Le fil rouge de l’EP, c’est l’amour, mais vu à travers un prisme désabusé. Desert Man n’y va pas par quatre chemins et dynamite les mythes romantiques avec un sarcasme délicieusement européen. « L’amour n’est que biochimie et électricité dans ton cerveau / l’amour est une drogue pour traverser la journée / mais le crystal meth aussi », balance-t-il avec une lucidité tranchante à la Father John Misty. Ce n’est pas du cynisme, mais un regard acéré sur nos illusions modernes.
Côté musical, chaque titre affirme une identité propre. “Penelope”, déjà sorti en single, met en scène une héroïne insaisissable dans une veine proche des Lemonheads. “Zodiac” s’impose comme un rock mélodique entêtant, soutenu par une basse pulsante et des guitares méditatives. “Willow Waltz” ralentit le tempo, avec ses arrangements folk raffinés et ses lignes vocales pleines de relief. Mention spéciale à “Desire Lines” où l’intensité monte d’un cran, emmenée par une batterie vive et une voix habitée.

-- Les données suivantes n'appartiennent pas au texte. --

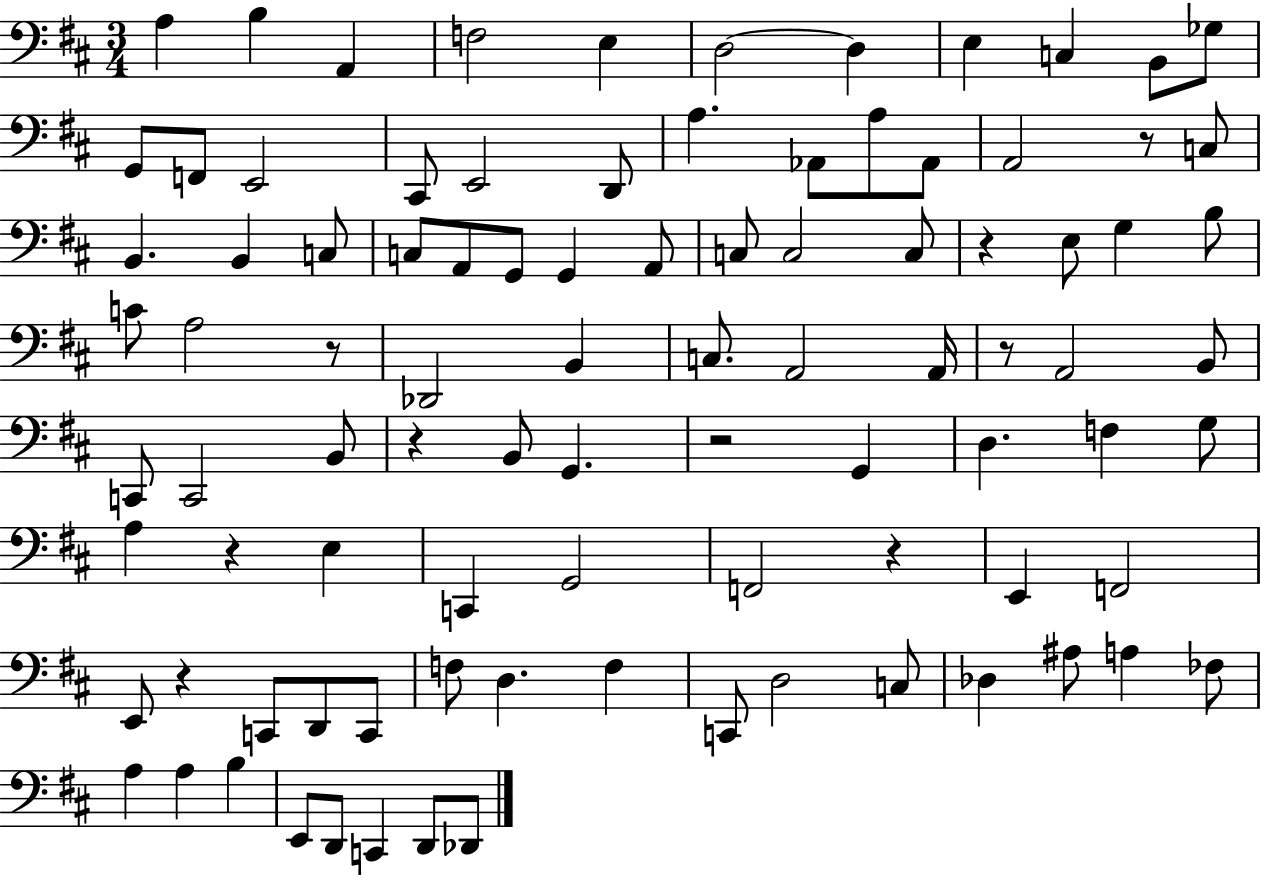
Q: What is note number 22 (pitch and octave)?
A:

L’EP se referme sur “Base Camp”, un dernier souffle dansant au charme rétro. La guitare électrique s’y mêle à la voix dans une parfaite complicité, tantôt en harmonie, tantôt en contrepoint. Desert Man signe ici un projet cohérent et audacieux, aussi lucide que musicalement riche. Love Kills n’enterre pas l’amour, il le déconstruit avec élégance – et ça fait un bien fou.